Dane herself started off as an actor and then became a playwright, novelist and scriptwriter. In her memoir London has a Garden, she recalled the publishers, agents, authors and directors who lived and worked in the streets close to the flower market. Her Covent Garden flat hosted many after-theatre parties and was an alternative to the Bloomsbury gatherings, yet Dane read and admired Virginia Woolf and was part of the emerging feminism of Tide and Time. She went to Hollywood and wrote film scripts in the 1930s, and later worked with the director Alexanda Korda.
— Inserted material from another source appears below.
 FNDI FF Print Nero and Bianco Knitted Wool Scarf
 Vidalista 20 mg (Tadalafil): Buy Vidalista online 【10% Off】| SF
A powerful figure of her day, she has since fallen from view and is now found often caricatured in the reminiscences of her contemporaries.
This multidisciplinary conference brings together literary, drama and film scholars to revisit the work of Clemence Dane and her connections with these different spheres, from her role in The Book Society and her reviewing for Good Housekeeping to Dane’s writing for Hollywood and the British film industry.
Abstracts and speaker biographies
An optional lunchtime tour of the Dorothy Whipple exhibition at Maggs Bros. Ltd. will also be included.